── Source data ──
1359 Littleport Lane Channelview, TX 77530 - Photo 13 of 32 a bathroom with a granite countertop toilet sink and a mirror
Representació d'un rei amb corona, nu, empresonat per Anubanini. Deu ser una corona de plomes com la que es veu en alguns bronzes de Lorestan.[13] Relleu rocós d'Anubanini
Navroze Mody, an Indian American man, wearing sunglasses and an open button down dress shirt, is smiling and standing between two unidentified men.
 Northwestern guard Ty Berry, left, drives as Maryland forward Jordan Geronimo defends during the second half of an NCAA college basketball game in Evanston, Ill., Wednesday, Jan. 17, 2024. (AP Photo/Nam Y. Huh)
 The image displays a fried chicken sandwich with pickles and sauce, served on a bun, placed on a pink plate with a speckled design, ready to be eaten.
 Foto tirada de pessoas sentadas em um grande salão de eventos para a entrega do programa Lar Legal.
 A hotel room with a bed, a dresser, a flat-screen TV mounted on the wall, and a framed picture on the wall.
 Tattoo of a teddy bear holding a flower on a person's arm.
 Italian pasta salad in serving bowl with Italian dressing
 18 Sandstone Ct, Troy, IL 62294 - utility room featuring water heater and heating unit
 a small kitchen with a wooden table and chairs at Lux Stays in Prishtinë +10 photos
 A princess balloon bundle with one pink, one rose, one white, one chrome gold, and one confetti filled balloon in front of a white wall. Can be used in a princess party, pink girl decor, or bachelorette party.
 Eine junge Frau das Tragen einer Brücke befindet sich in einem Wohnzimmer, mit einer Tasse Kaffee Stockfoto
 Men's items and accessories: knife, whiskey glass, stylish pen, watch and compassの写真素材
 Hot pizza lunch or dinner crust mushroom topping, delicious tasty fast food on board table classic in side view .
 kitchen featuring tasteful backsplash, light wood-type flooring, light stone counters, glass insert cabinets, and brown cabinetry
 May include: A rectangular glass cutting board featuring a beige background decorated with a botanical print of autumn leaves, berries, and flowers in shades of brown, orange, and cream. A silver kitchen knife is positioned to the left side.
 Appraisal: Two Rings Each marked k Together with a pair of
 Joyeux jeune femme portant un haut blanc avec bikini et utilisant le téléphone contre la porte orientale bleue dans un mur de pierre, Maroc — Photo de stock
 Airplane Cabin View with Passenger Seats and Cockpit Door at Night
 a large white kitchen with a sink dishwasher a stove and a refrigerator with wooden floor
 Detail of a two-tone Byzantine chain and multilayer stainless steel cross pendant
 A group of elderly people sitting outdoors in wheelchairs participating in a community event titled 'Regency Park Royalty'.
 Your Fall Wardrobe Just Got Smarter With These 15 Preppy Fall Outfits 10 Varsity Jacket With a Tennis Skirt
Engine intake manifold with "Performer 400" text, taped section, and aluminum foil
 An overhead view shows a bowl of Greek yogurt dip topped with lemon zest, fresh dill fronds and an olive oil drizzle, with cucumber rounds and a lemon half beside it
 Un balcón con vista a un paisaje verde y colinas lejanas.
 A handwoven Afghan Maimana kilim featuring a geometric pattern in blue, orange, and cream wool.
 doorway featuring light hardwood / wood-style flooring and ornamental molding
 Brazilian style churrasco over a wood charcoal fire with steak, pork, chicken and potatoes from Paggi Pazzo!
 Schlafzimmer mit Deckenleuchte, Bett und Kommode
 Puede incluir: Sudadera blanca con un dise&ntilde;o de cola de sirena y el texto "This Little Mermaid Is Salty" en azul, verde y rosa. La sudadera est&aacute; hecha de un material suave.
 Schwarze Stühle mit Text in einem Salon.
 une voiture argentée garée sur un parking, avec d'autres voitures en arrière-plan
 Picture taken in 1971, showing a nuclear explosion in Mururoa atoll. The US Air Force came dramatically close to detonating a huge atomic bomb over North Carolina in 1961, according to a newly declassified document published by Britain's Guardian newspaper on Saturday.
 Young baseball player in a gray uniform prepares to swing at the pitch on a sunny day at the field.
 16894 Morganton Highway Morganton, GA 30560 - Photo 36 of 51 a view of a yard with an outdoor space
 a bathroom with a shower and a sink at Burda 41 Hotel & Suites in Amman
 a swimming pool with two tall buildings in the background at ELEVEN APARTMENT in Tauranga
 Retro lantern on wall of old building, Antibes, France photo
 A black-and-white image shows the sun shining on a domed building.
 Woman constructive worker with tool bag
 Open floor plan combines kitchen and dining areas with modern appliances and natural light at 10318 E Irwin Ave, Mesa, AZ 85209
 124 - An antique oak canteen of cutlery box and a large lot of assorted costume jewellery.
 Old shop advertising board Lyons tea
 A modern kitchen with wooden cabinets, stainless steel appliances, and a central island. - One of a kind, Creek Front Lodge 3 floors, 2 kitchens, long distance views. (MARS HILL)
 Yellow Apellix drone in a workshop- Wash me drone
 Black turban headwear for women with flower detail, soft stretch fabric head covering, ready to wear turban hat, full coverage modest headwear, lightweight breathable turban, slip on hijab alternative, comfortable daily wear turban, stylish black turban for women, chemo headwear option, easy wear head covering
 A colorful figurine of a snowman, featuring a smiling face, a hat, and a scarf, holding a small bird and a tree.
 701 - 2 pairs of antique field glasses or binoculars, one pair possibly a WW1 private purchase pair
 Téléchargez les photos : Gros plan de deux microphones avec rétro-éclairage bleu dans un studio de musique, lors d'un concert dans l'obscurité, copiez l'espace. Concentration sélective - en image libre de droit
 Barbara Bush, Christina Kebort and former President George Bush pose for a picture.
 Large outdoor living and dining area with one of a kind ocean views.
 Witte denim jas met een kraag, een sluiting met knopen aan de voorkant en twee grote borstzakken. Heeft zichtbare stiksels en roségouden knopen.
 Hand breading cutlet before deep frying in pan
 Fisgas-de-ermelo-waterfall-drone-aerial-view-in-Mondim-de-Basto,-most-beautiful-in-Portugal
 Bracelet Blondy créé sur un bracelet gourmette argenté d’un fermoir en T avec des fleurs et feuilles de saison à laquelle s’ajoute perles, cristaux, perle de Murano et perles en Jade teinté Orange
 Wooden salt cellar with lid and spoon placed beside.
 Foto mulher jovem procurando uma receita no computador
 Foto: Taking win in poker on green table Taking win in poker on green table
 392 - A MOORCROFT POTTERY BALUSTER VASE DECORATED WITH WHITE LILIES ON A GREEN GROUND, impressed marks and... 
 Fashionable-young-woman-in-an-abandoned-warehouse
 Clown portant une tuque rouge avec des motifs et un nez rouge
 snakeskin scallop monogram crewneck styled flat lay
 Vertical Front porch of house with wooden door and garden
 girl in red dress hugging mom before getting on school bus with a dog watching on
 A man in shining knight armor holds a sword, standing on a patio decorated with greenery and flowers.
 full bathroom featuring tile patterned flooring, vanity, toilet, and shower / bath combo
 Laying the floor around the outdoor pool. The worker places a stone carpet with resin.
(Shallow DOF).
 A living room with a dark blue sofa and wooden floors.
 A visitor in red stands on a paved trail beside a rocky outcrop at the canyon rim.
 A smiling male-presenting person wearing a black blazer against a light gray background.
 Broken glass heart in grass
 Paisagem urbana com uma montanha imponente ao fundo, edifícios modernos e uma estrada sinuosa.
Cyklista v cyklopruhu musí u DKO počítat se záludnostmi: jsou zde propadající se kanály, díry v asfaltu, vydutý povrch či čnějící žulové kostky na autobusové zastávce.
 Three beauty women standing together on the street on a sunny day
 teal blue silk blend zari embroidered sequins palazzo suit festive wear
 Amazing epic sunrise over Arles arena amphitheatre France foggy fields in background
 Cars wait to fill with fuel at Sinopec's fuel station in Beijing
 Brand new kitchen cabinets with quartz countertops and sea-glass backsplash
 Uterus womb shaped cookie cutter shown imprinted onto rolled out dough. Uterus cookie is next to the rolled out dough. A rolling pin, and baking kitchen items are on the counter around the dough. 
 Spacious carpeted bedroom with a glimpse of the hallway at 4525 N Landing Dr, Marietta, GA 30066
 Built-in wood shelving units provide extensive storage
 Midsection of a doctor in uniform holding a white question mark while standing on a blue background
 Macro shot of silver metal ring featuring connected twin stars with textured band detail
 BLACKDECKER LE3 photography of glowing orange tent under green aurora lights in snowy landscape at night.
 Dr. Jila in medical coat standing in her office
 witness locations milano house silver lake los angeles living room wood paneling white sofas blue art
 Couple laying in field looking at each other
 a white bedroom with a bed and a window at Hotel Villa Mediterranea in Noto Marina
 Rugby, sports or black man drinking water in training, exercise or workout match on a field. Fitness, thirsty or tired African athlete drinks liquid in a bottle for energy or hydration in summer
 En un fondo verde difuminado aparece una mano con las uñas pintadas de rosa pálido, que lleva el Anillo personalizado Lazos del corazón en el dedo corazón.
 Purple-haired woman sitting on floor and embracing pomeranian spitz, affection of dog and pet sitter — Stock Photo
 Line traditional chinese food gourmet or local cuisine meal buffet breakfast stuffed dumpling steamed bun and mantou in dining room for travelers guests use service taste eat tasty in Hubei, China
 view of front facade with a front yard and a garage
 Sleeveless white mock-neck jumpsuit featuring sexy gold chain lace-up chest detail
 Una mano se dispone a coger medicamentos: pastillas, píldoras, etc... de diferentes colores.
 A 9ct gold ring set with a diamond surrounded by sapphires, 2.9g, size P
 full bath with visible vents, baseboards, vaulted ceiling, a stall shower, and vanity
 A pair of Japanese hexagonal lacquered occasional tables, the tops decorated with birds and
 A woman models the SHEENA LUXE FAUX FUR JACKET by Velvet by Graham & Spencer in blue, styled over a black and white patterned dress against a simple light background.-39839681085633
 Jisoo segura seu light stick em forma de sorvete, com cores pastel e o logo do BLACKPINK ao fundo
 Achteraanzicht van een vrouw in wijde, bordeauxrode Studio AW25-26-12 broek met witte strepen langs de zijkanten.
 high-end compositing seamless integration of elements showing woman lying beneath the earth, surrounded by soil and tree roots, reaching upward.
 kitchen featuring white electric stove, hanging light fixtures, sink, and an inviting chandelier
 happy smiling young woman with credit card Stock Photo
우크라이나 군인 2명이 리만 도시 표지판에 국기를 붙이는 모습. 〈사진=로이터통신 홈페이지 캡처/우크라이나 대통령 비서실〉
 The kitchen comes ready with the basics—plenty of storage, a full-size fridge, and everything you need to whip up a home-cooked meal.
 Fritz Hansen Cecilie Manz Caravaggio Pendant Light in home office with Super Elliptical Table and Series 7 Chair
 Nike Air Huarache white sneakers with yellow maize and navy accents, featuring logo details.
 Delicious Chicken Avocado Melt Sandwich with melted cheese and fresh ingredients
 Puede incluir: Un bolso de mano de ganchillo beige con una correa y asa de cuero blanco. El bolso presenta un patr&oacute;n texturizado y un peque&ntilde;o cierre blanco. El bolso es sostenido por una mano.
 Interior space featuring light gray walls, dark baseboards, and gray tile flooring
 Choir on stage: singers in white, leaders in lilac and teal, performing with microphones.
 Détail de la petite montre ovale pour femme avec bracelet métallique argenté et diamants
───
Exercise details
Above this instruction are the records; retype exactly the lines from the one containing "a swimming pool" up to and including the one containing "Large outdoor living".

Your solution
 a swimming pool with two tall buildings in the background at ELEVEN APARTMENT in Tauranga
 Retro lantern on wall of old building, Antibes, France photo
 A black-and-white image shows the sun shining on a domed building.
 Woman constructive worker with tool bag
 Open floor plan combines kitchen and dining areas with modern appliances and natural light at 10318 E Irwin Ave, Mesa, AZ 85209
 124 - An antique oak canteen of cutlery box and a large lot of assorted costume jewellery.
 Old shop advertising board Lyons tea
 A modern kitchen with wooden cabinets, stainless steel appliances, and a central island. - One of a kind, Creek Front Lodge 3 floors, 2 kitchens, long distance views. (MARS HILL)
 Yellow Apellix drone in a workshop- Wash me drone
 Black turban headwear for women with flower detail, soft stretch fabric head covering, ready to wear turban hat, full coverage modest headwear, lightweight breathable turban, slip on hijab alternative, comfortable daily wear turban, stylish black turban for women, chemo headwear option, easy wear head covering
 A colorful figurine of a snowman, featuring a smiling face, a hat, and a scarf, holding a small bird and a tree.
 701 - 2 pairs of antique field glasses or binoculars, one pair possibly a WW1 private purchase pair
 Téléchargez les photos : Gros plan de deux microphones avec rétro-éclairage bleu dans un studio de musique, lors d'un concert dans l'obscurité, copiez l'espace. Concentration sélective - en image libre de droit
 Barbara Bush, Christina Kebort and former President George Bush pose for a picture.
 Large outdoor living and dining area with one of a kind ocean views.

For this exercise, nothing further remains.